Les mineurs parlent swahili entre eux, mais utilisent le français avec les ingénieurs.
- À Goma, le swahili unit les communautés (Hutu, Tutsi, Nande), mais le français reste la langue de l'administration et de l'école.
Les églises pentecôtistes utilisent le swahili pour toucher un large public.
- À Kisangani, le lingala et le swahili coexistent, mais le kikongo est aussi présent.

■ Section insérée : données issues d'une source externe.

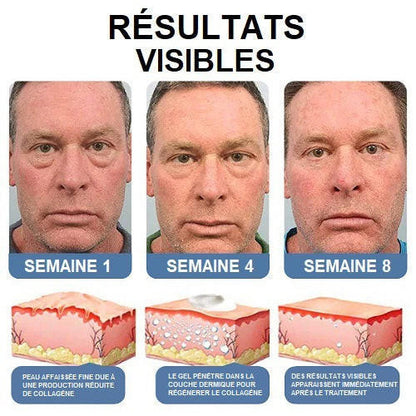Crème Anti-Rides & Anti-Cernes Nigella™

La ville est un carrefour linguistique.
Les taximen de Kisangani mélangent les trois langues dans une même phrase.
Points clés
- 1960 : Indépendance du Congo et début des politiques linguistiques
- Le français devient langue officielle, mais les langues locales restent dominantes dans la vie quotidienne.
- 2006 : Constitution de la RDC reconnaît 4 langues nationales (lingala, swahili, kikongo, tshiluba)
- Ces langues sont utilisées dans l'administration locale et les médias, mais pas dans l'Examen d'État.
- Kinshasa : 70% de la population parle lingala comme langue principale
- Le lingala est la langue de la musique (Fally Ipupa, Innoss'B), du cinéma (Kinshasa Makambo) et des réseaux sociaux.
- Lubumbashi : 60% de la population parle swahili
- Le swahili est la langue des mines, du commerce et de la musique (Kabwe Kasongo).
- Examen d'État : 60% des points en français, 20% en culture générale, 20% en matières scientifiques
- Maîtriser le français est crucial pour obtenir une bonne note en dissertation.